Pictures with short captions:

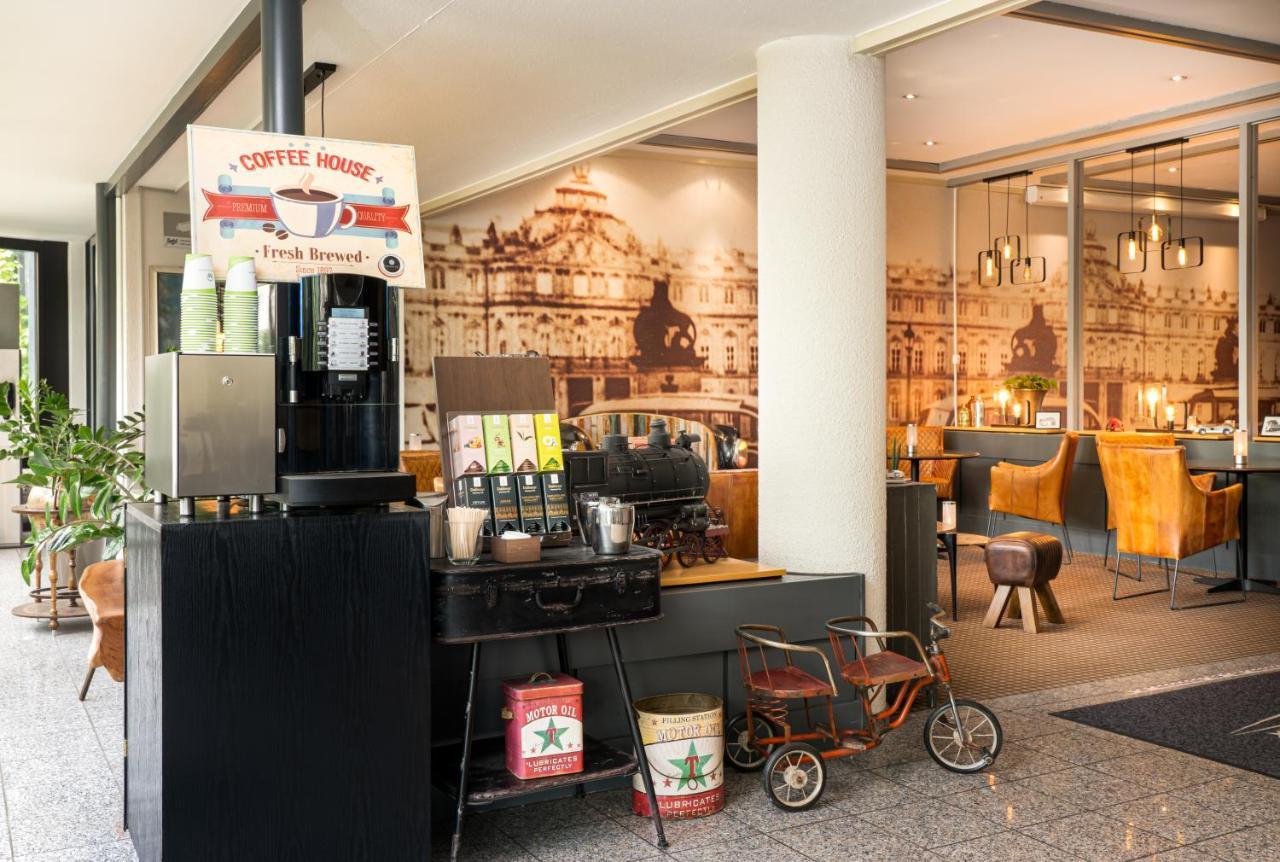 Arthotel Ana Neotel Stuttgart Bagian luar foto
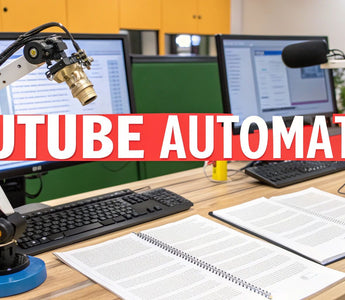 What Is YouTube Automation and How Does It Work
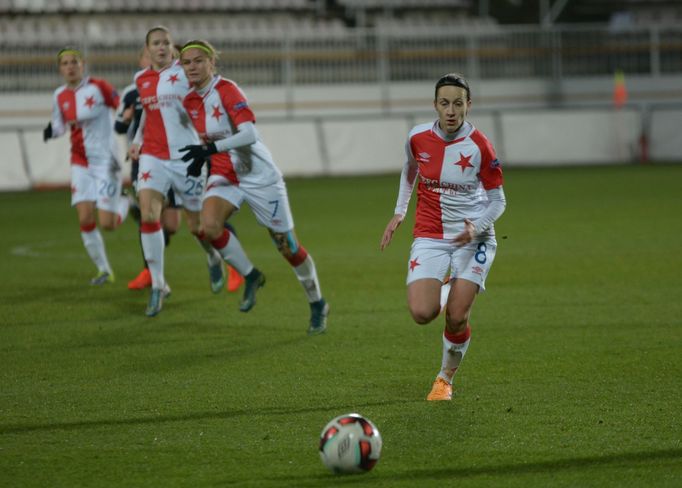 LM: Slavia - Rosengard:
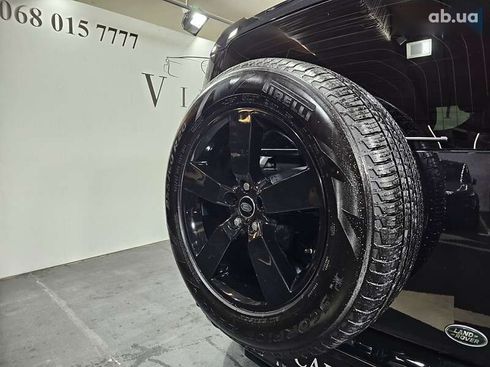 Land Rover Defender 2022 - фото 12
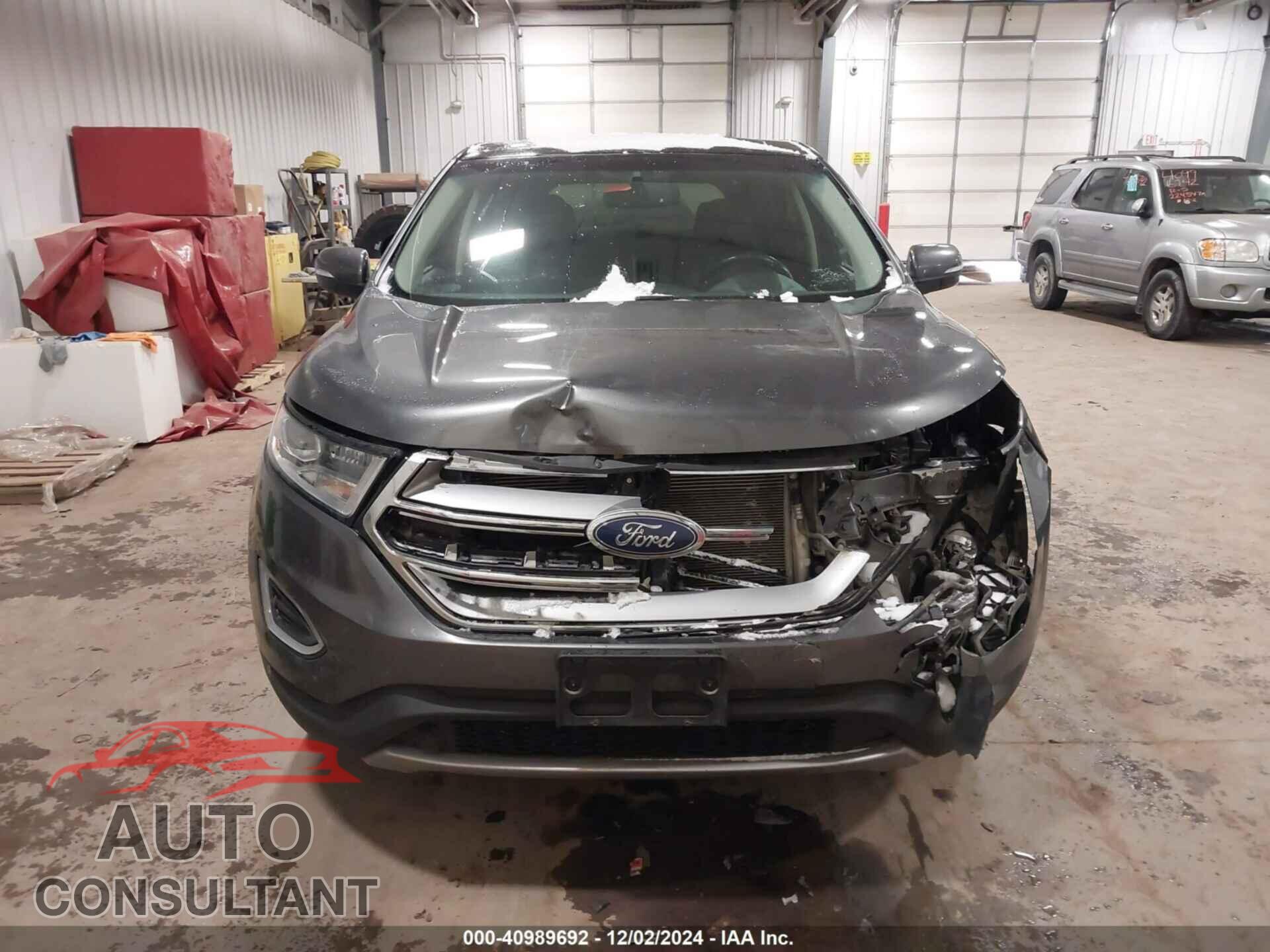 FORD EDGE 2016 - 2FMPK4K96GBC26723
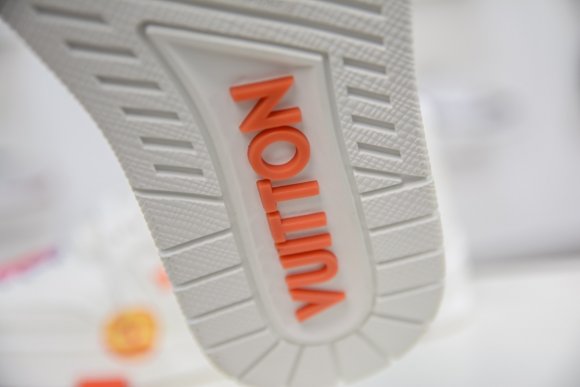 Louis Vuitton & Yayoi Kusama - Мужские кроссовки PH_1804LV1 Louis Vuitton & Yayoi Kusama - Мужские кроссовки PH_1804LV1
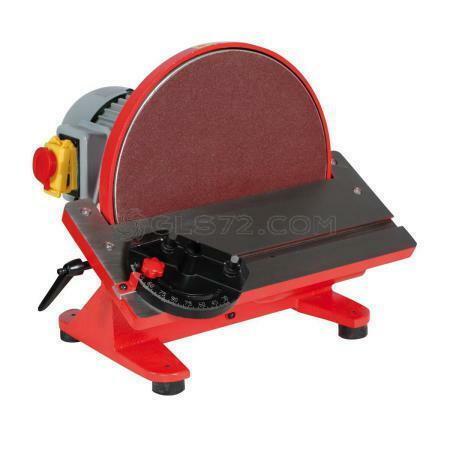 Ponceuse disque 305 mm - ponceuse,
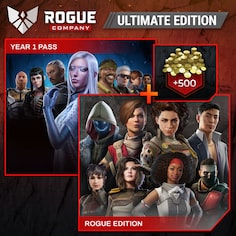 Rogue Company Ultimate Edition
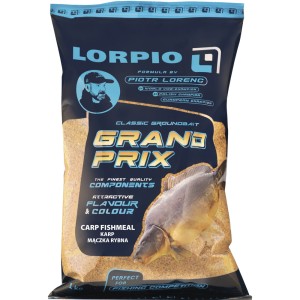 Lorpio zanęta wędkarska GRAND PRIX CARP FISHMEAL 1000 g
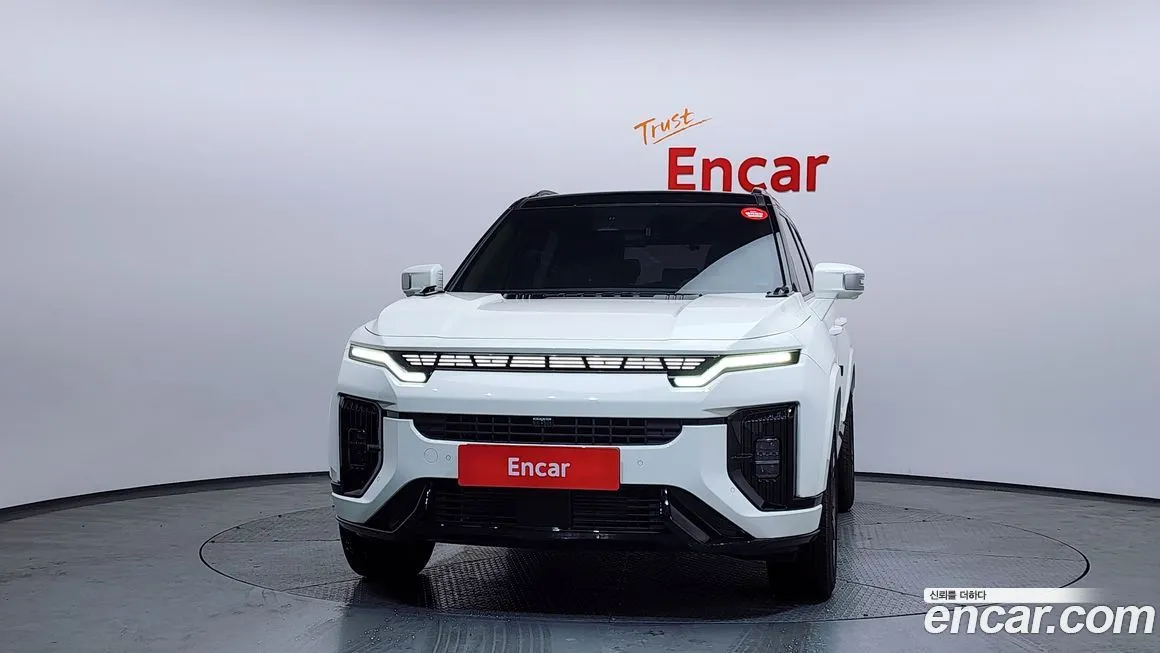 KG Mobility (Ssangyong) Actyon 2025 из KR, фото 2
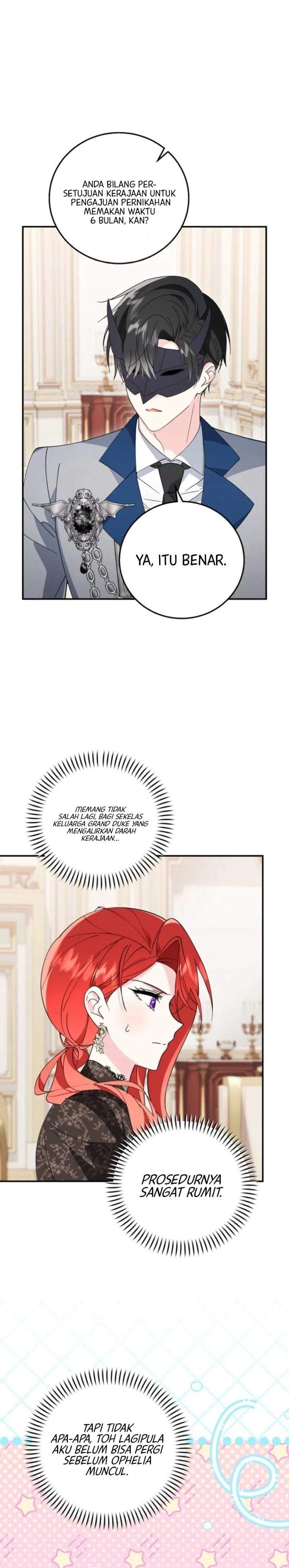 Adopting the Male Protagonist Changed the Genre Chapter 19
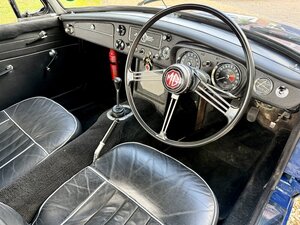 MG 1.8 Roadster Convertible
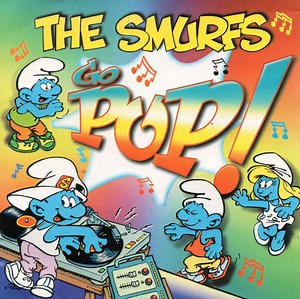 The Smurfs - The Smurfs Go Pop!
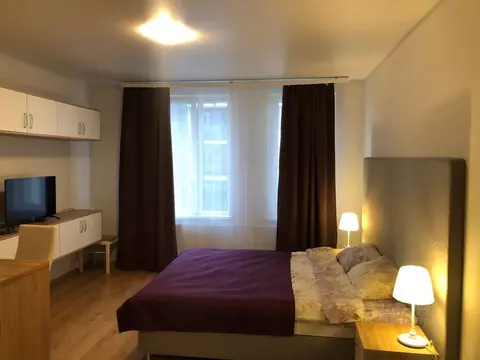 Студия Санкт-Петербург бул. Александра Грина, 1 (28.0 м)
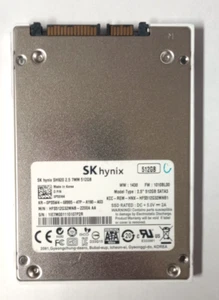 HFS512G32MNB-2200A Hynix SH920 512GB SATA 6Gbps 2.5" Internal Solid State Drive - Picture 1 of 3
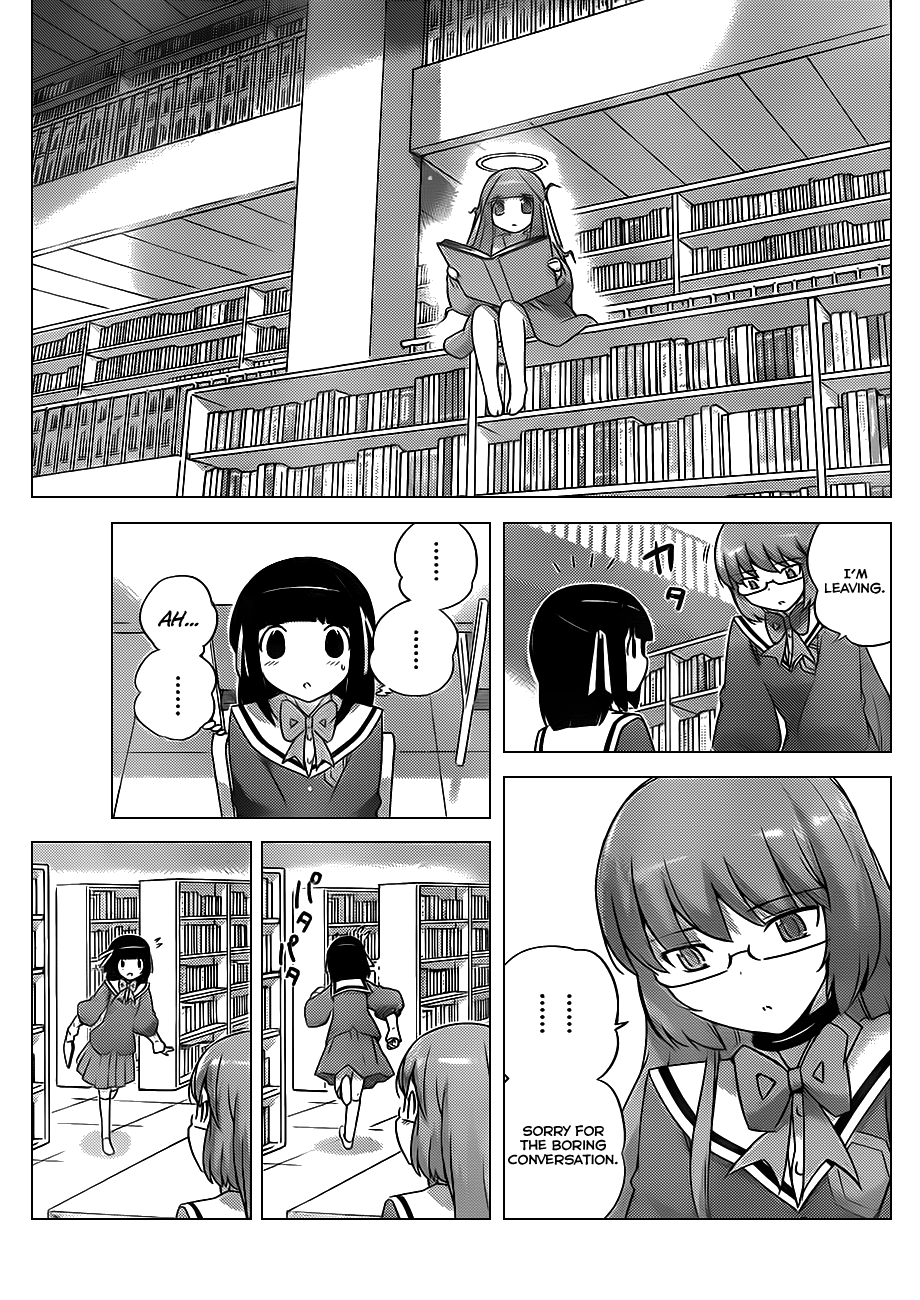 The World God Only Knows Chapter 146 - Page 7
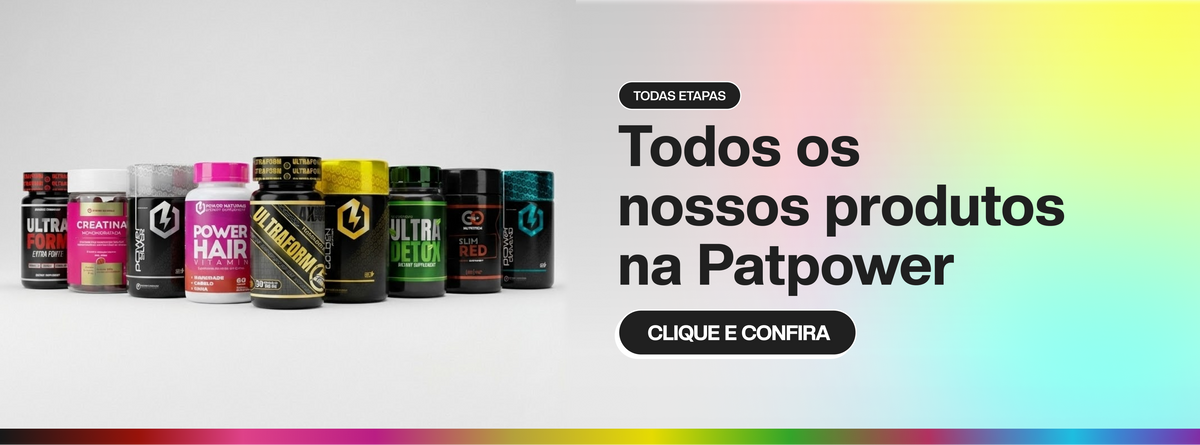 Ppat Power Performance PatPower Suplementos – PAT Power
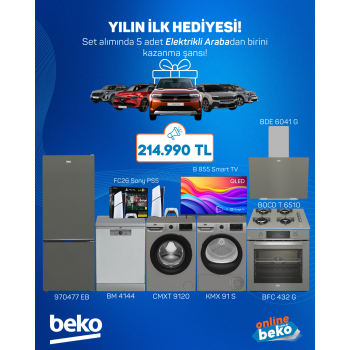 Büyük Gri Çeyiz Seti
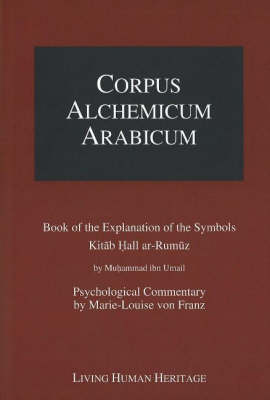 Corpus Alchemicum Arabicum book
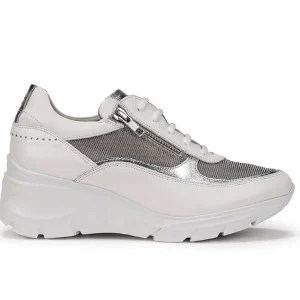 Fluchos baskets f1408 blanc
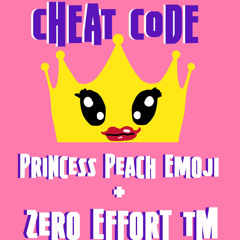 Princess Peach Emoji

Work request: Reproduce the lines above starting at the one with "What Is YouTube" and ending at the one with "кроссовки PH_1804LV1 Louis", both included, exactly and with no pictures.

Solution for this task:
 What Is YouTube Automation and How Does It Work
 LM: Slavia - Rosengard:
 Land Rover Defender 2022 - фото 12
 FORD EDGE 2016 - 2FMPK4K96GBC26723
 Louis Vuitton & Yayoi Kusama - Мужские кроссовки PH_1804LV1 Louis Vuitton & Yayoi Kusama - Мужские кроссовки PH_1804LV1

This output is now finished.